Vereffening van productschappen
Ook in deze zaak nam de Hoge Raad geen uitzondering aan. De Staat had het faillissement aangevraagd van Vrebamel, een bedrijf dat superheffingen onbetaald liet die waren opgelegd door het Productschap Zuivel. De productschappen zijn per 1 januari 2015 opgeheven en hun vermogens zijn overgegaan naar de Staat, vandaar. In de wet die die overgang regelt (de Wet opheffing bedrijfslichamen) is vastgelegd dat “Onze Minister”, dat wil zeggen: de minister van Economische Zaken, belast is met de vereffening van het vermogen van de productschappen en bevoegd is alle rechtshandelingen daartoe te verrichten. Ook bepaalt de wet dat rechtsvorderingen met betrekking tot rechten of verplichtingen die tot het vermogen van het bedrijfslichaam horen, “worden ingesteld door Onze Minister onderscheidenlijk tegen de staat.”
Vrebamel betoogde met een beroep op deze bepalingen dat niet de Staat, maar de minister van Economische Zaken als aanvrager van het faillissement had moeten optreden. De Hoge Raad stelt de Staat in het gelijk:
“3.4.1 […] De bevoegdheid om als partij in een burgerlijk geding op te treden komt in beginsel alleen toe aan natuurlijke personen en rechtspersonen. Een uitzondering hierop valt uitsluitend aan te nemen als daartoe een bijzondere grond bestaat, zoals in het geval dat de wet een orgaan van een rechtspersoon uitdrukkelijk procesbevoegdheid toekent. (Vgl. o.m. HR 25 november 1983, ECLI:NL:HR:1983:AG4696, NJ 1984/297) Voor het aannemen van procesbevoegdheid is ontoereikend dat de wet het orgaan vertegenwoordigingsbevoegdheid toekent, al dan niet in rechte (vgl. o.m. HR 19 december 2014, ECLI:NL:HR:2014:3653, NJ 2015/36).

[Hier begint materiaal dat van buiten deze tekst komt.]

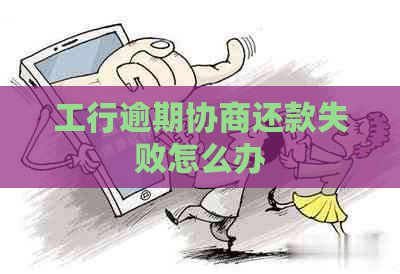 工行逾期协商还款失败怎么办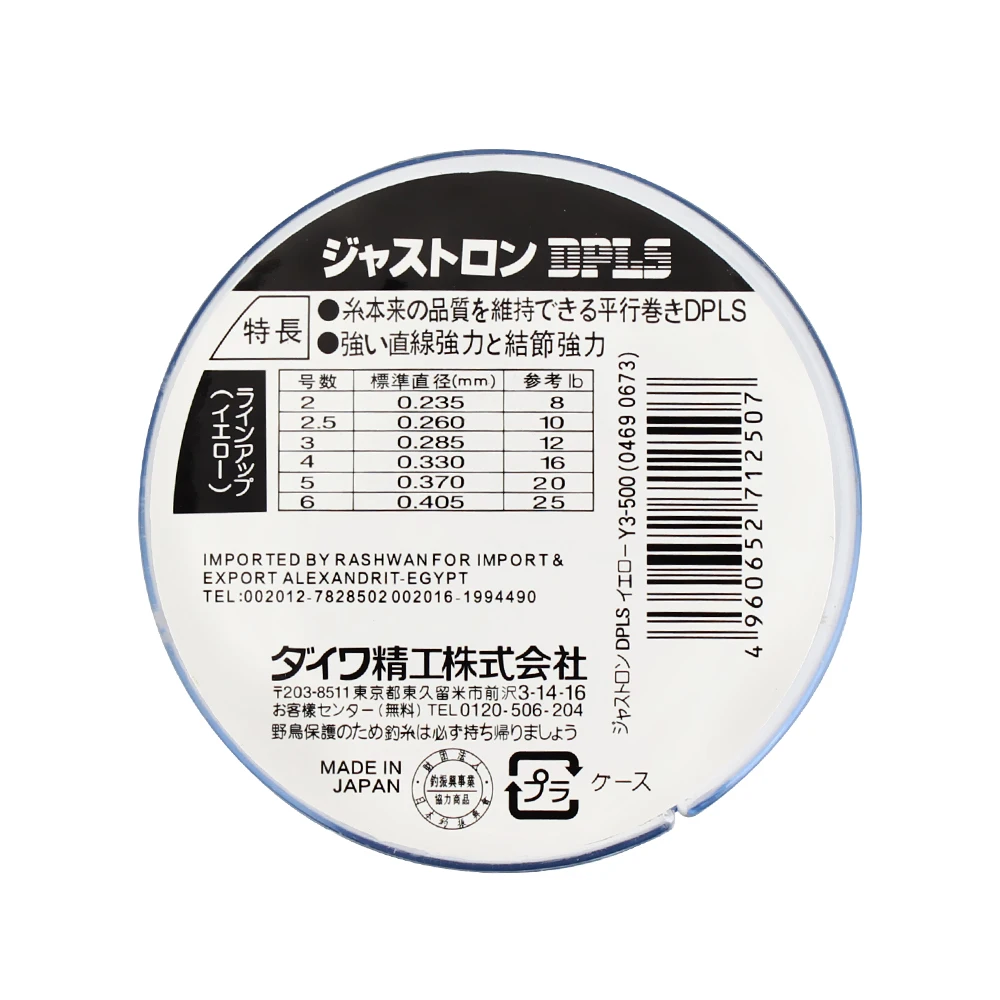 

500m Super Strong Fishing Line Japan Monofilament Nylon Fishing Line 2-35LB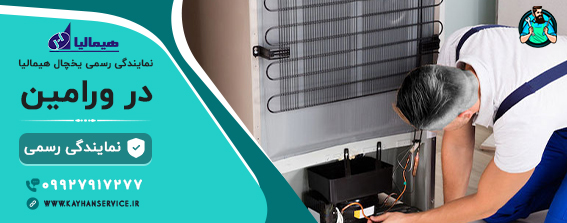 نمایندگی رسمی تعمیرات یخچال فریزر هیمالیا در ورامین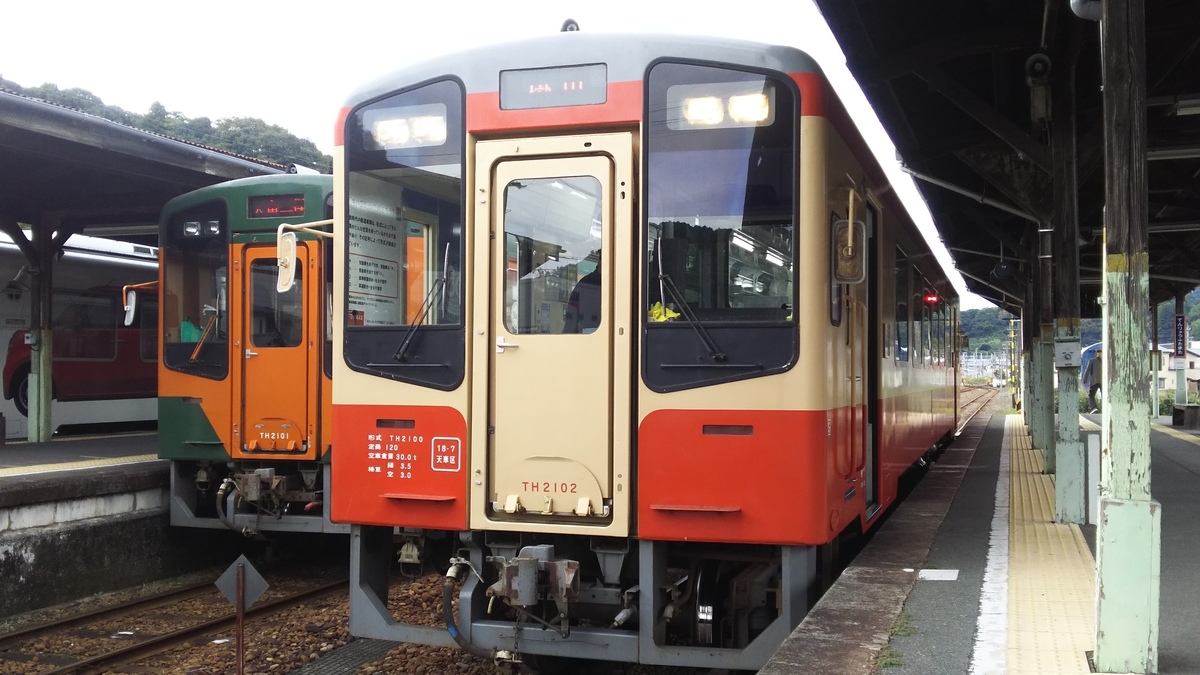 f:id:Len_Railway:20211023203632j:plain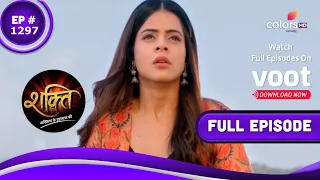 Shakti | शक्ति | Episode 1297 | 13 July 2021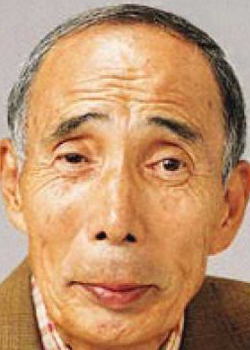 Yatsu Isao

3.4.2 Art. XXXIX lid 4 Wet opheffing bedrijfslichamen, op welke bepaling het betoog van Vrebamel in hoofdzaak berust, is, waar het spreekt over het instellen van rechtsvorderingen door de minister, aldus te verstaan dat het betrekking heeft op diens vertegenwoordigingsbevoegdheid. Hetzelfde geldt voor art. XLIX Wet opheffing bedrijfslichamen voor zover het burgerlijke gedingen betreft. Uit de wet en de wetsgeschiedenis (aangehaald in de conclusie van de Advocaat-Generaal onder 2.5) blijkt immers niet dat is beoogd om de minister procesbevoegdheid toe te kennen. Een bijzondere grond voor het aannemen van die bevoegdheid valt ook niet aan de wet of de wetsgeschiedenis te ontlenen.”
De Staat is in cassatie bijgestaan door de auteur en Maarten Jansen, en in feitelijke instanties door Carolijn Crol en Jorrit van der Weide.